Built-in compression

Built-in compression for ETL traces was introduced in Windows 8. xperf and some other tools can output compressed traces, which still have the “.etl” extension and can still be opened and handled by all the tools, just like their regular, uncompressed counterparts. This whole topic is lightly documented; it gets a mention in a few places, but nothing more.

What algorithm is used and how efficient is it? I poked around in xperf and WPA to find out. For compression, data gets fed to RtlCompressBuffer in smaller chunks, selecting the COMPRESSION_FORMAT_LZNT1 algorithm. For decompression, RtlDecompressBufferEx is used.

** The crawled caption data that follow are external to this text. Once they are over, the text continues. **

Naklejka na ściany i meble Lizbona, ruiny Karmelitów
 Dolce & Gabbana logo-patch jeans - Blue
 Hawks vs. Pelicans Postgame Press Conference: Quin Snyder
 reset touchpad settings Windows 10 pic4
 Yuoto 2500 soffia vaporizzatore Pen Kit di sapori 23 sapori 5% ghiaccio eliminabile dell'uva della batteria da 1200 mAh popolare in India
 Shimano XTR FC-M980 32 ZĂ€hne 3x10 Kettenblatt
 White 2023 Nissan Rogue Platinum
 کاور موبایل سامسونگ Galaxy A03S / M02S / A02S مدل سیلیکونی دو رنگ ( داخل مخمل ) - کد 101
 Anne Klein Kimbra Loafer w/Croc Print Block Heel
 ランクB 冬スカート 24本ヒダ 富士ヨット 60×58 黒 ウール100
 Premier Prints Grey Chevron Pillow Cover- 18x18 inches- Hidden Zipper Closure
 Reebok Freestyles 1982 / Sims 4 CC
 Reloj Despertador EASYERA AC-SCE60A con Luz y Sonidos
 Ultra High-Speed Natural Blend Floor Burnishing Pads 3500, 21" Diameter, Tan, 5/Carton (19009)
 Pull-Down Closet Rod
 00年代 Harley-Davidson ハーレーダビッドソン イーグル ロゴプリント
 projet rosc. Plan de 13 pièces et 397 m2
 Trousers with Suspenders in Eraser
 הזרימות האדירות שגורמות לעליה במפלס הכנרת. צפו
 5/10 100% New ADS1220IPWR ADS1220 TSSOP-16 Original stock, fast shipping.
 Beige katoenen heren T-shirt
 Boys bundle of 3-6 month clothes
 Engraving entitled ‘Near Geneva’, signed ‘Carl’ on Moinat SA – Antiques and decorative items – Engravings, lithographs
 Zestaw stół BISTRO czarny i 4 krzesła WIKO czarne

LZNT1 is based on the original LZ77 algorithm.

The LZ77 algorithm:

  • is one of the faster compression/decompression algorithms
  • is easy to implement
  • offers reasonable compression ratios

I am certainly no expert in compression algorithms, but even after some admittedly shallow reading on Wikipedia, it’s clear that there are newer algorithms out there which provide better compression ratios without needing much more memory and computational power. Why didn’t Microsoft choose something “better”? Maybe they didn’t want to introduce another algorithm into the whole NT ecosystem, or maybe they thought compression speed is the most important factor1.

Let’s see how LZNT1 performs. I prepared three test files for my experiments: one large, one medium, and one small ETL file. The medium size file is a usual ETL file created with the Windows Performance Recorder (with the “First Triage”, “Disk IO”, and “File IO” options selected). The other two are a different story. The ETW session where they were recorded from had the “kernel provider” enabled only, namely: sampled profiles (with call stacks), context switches (with call stacks), and other boilerplate necessary for WPA to be able to handle the trace and display call stacks correctly (module loads, thread and process creation, etc.). These two were also filtered, so events for one process of interest were preserved only. The reason for this is nothing special, I just needed better compression of this particular kind of traces2, that’s why I started looking for alternatives for compression in the first place. Just for the sake of this blog post I also wanted to see the numbers for a “normal” ETW trace, so I threw one into the mix (the medium size trace) as well. Throughout this post you’ll see the letter “f” attached whenever I refer to the smallf and largef traces, just to remind you that these are not regular, but filtered ETL files.

The traces don’t just differ in their sizes, but also in the kind and amount of CPU load. The largef file was captured when I played a video game called World of Tanks actively for ~30 minutes. The smallf one was created when I listened to music with Spotify for about 6 minutes. The medium size file was captured when various programs ran on my computer; the CPU load was about 15% on average, and recording ran for about 2 minutes.

WPA has a Trace Statistics view which shows you statistics about the number of events a trace contains, and their (uncompressed) sizes. This is great, because with this we can find out which types of events contribute to our trace sizes the most. Here’s an image with statistics for all three traces:

Top 4 overall event sizes for the smallf, medium, and largef traces (from top to bottom)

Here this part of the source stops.